Evangeline serves meals that evoke the curiosity, reworking traditional French ingredients and presenting them with a purity and conscientiousness that tastes fresh and original. The flavors are for the most part quieter than expected, an invitation to hush up and savor.

The browned, roasted or sauted ingredients, such as duck and onion, are golden to light caramel, never dark and never bitter.

The sauces are light, giving them a refreshing subtlety.The food doesn't shout salt, as it does at restaurants that shake the salt as if taste buds have fled the country.

The snails ($10) absorbed my attention first. Eight or nine helixes of snail meat sat naked in a small, central bowl inside a wide brim in an unusual dish. With chicken stock, white wine, butter, shallot, a touch of vinegar and chervil, chives, tarragon and parsley (as chef and owner Erik Desjarlais told me later), the sauce held a ringing tartness in its almost sweet flavors, which was exactly right with the tender crunch of the snail meat.

Two lumps of creamy sweetbreads ($9), encased in a golden, delicate crust, sat in their own little central bowl with capers and golden onion -- calm, gentle flavors that pushed the easily obscured pleasure of creamy sweetbreads to the front of the stage.

We were drinking a Schoenheitz Cremant from Alsace ($33 a bottle) that the sommelier said was slightly dryer than the Roger Goulart Spanish Cava ($27) I know and like—both are sparkling wines you can enjoy for a lot less money than champagne.

But as I sat with my glass empty for several minutes, it dawned on me that the bottle was in an ice bucket across the room. Too bad that resulted in an empty glass for me twice that evening; though the second time, the glass was filled as soon as I glanced backward toward the bar area and caught someone's eye. The wine list is a miniature course on wine -- great to read if you care about it, easy to skip if you already know it all or don't care in the least.

An entree of duck breast ($25) wore a golden mantle of perfectly browned fat. Each slice brought both its edge's deep flavors and the iron clarity of rare meat.

A tangled ball of caramelized onion was set on an arch of brown sauce. "It's made with duck stock, reduced, finished with seasoning and a touch of butter," Desjarlais said.

Poullarde is a chicken, we learned when we asked our good server.
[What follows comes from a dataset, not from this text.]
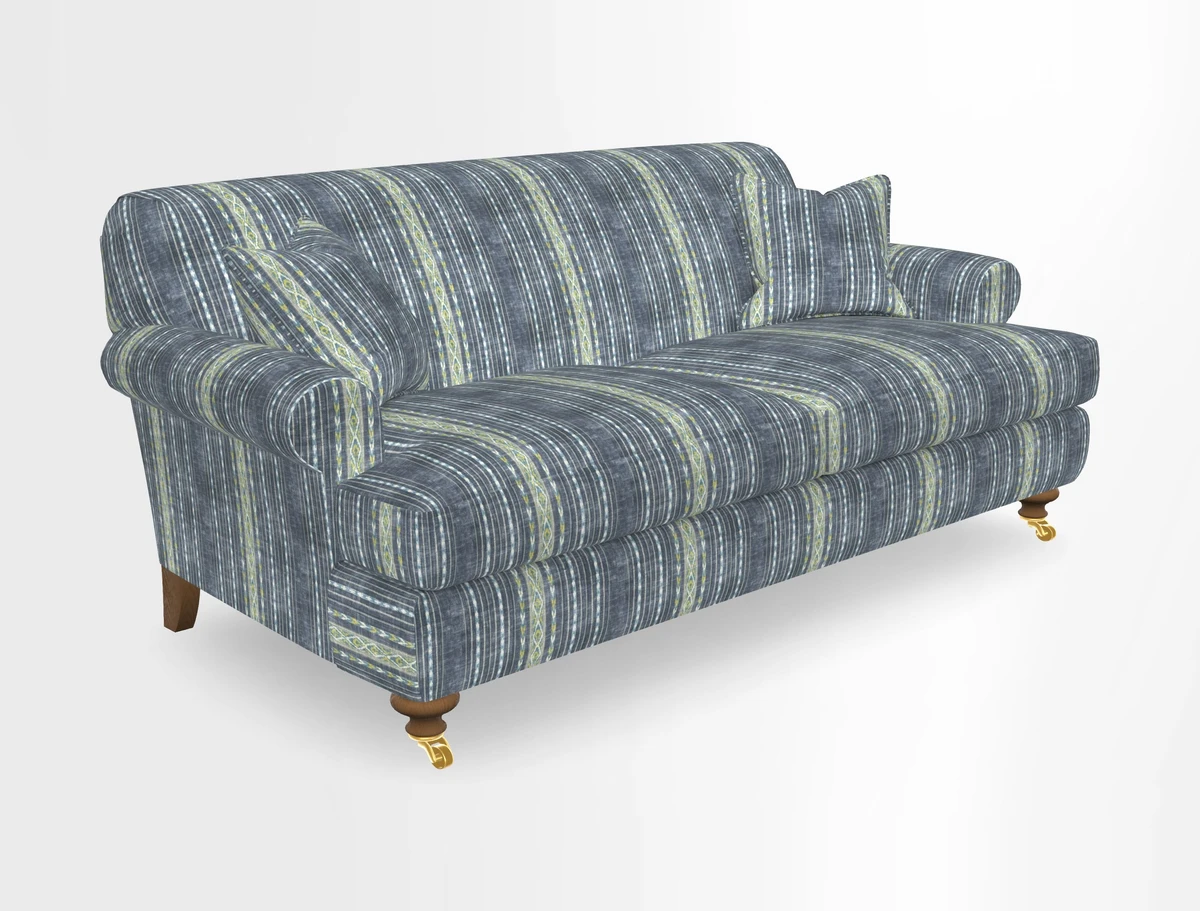 Hampton 3 Seater Sofa in V&A Threads of India Opulent Velvets Regal Poppy Chalk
So is the poussin on the menu, but a poussin is little. Both are milk-fed.

No, chickens do not typically drink milk. But according to Desjarlais, the unparalleled blue-foot chickens of France are fed grain with powdered milk mixed in, which is also what the owner of Four Story Farm in Honesdale, Pa., does to the chickens Desjarlais serves.
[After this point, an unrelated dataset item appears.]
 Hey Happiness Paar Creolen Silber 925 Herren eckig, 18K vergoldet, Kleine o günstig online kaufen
"Not your mother's chicken," my friend pronounced her poullarde ($26). In fact, as far as I'm concerned, it's not anybody but Evangeline's chicken.The meat was incredibly tender, moist and good, with a thin golden layer of skin wrapped around each of three big chunks.

Pureed white asparagus, bitter and tempered by a mild vinaigrette, and tiny zucchini sliced lengthwise completed that meal.

I left untried the beef-fat-fried potatoes (anyone ordering them with mussels or as a side is told how they are cooked) and the steak, the pork and so much more.

Chateau de la Roulerie,Coteaux du Layon Chaume ($7 a glass) was recommended to go with our cheeses ($5 each). The yellow wine's discreet sweetness, fruit wrapped in velvet, improved with every sip.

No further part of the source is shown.